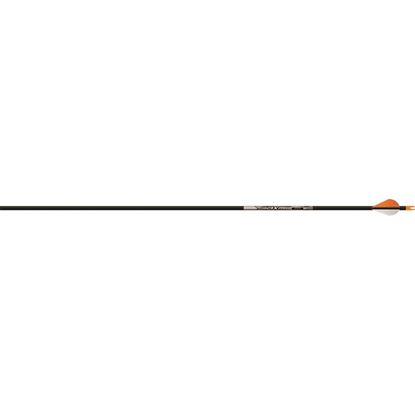 Picture of Easton Axis SPT Arrows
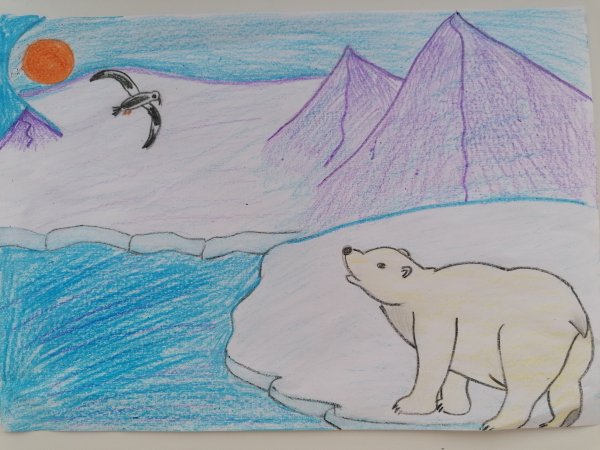 Пингвиненок на льдине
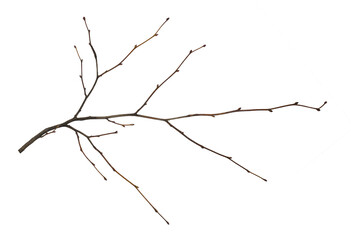 Dry empty twig isolated on white or transparent background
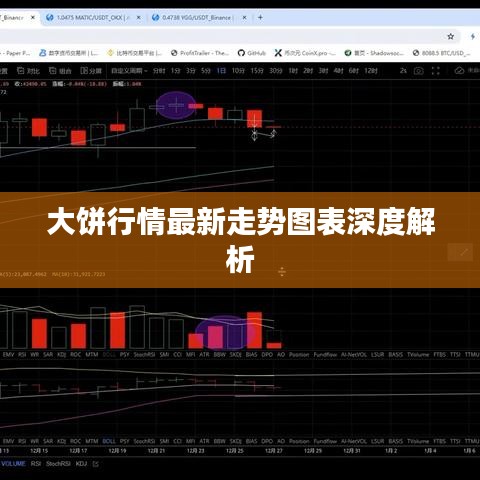 大饼行情最新走势图表深度解析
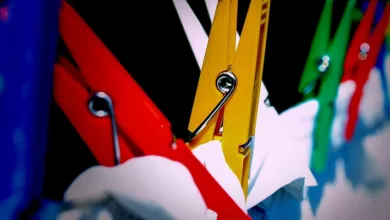 XRP: Wal-Verkäufe belasten Erholung trotz ETF-Optimismus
◆ ◆ ◆ ◆
- What is needed -
Reproduce these records exactly, but not the pictures.

- Written solution -
 Picture of Easton Axis SPT Arrows
 Пингвиненок на льдине
 Dry empty twig isolated on white or transparent background
 大饼行情最新走势图表深度解析
 XRP: Wal-Verkäufe belasten Erholung trotz ETF-Optimismus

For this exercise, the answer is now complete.